A new study suggests that a drop in carbon dioxide (CO2) levels seems to have triggered Antarctic ice sheet formation.

Zee Media Bureau

New Delhi: A new study suggests that a drop in carbon dioxide (CO2) levels seems to have triggered Antarctic ice sheet formation.

Roughly a 40 percent decrease in CO2 occurred prior to and during the rapid formation of a mile-thick ice sheet over the Antarctic approximately 34 million years ago.
The long-held, prevailing theory known as "Southern Ocean gateway opening" is not the best explanation for the climate shift that occurred during the Eocene-Oligocene transition when the Earth`s polar regions were ice-free, the study showed.
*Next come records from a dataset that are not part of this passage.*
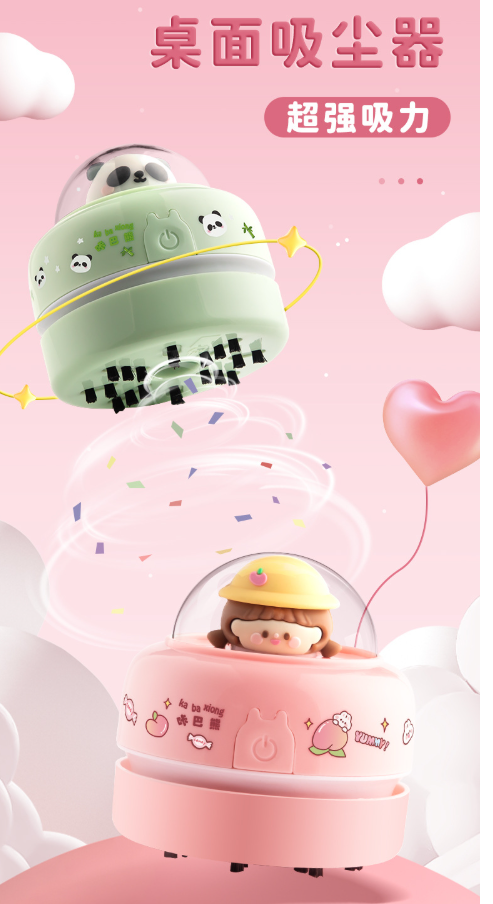 桌面吸尘器（电池款）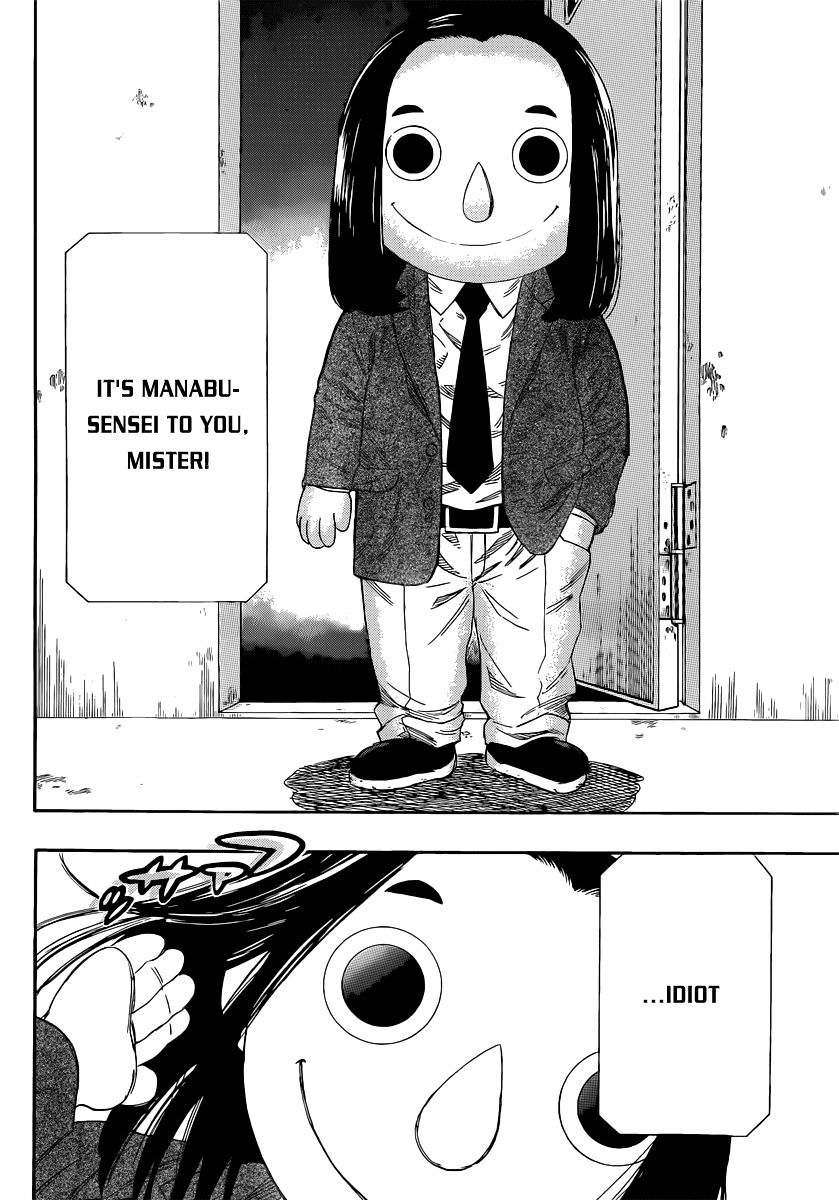 Read Tomodachi Game EN Manga Online
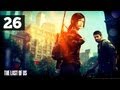 Прохождение The Last of Us (Одни из нас) — Часть 26: Колорадский ...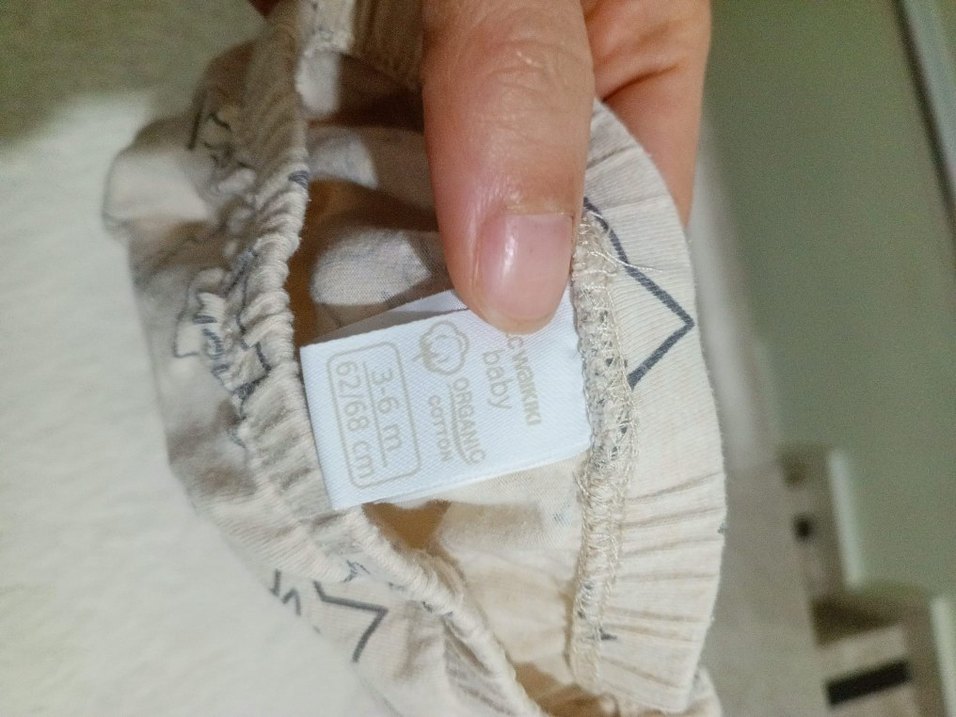 Bej Yıldız Desenli Bebek Altı - Görsel 2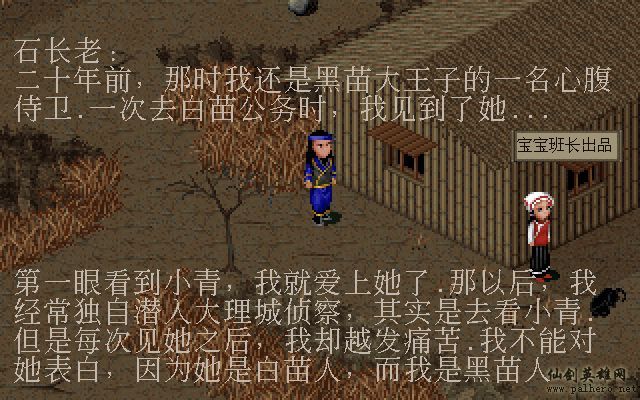 仙剑奇侠传电影版（宝宝班长导演）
Matthew Huber of the UNH Institute for the Study of Earth, Oceans, and Space and department of Earth was quoted as saying to a news agency that the Eocene-Oligocene transition was a major event in the history of the planet and their results really flipped the whole story on its head.

“The textbook version had been that gateway opening, in which Australia pulled away from Antarctica, isolated the polar continent from warm tropical currents, and changed temperature gradients and circulation patterns in the ocean around Antarctica, which in turn began to generate the ice sheet. They had shown that, instead, CO2-driven cooling initiated the ice sheet and that this altered ocean circulation” he added.
Huber asserted that one of the things they were always missing with their CO2 studies, and it had been missing in everybody`s work, is if conditions were such to make an ice sheet form, perhaps the ice sheet itself was affecting ocean currents and the climate system that once one start getting an ice sheet to form, maybe it became a really active part of the climate system and not just a passive player.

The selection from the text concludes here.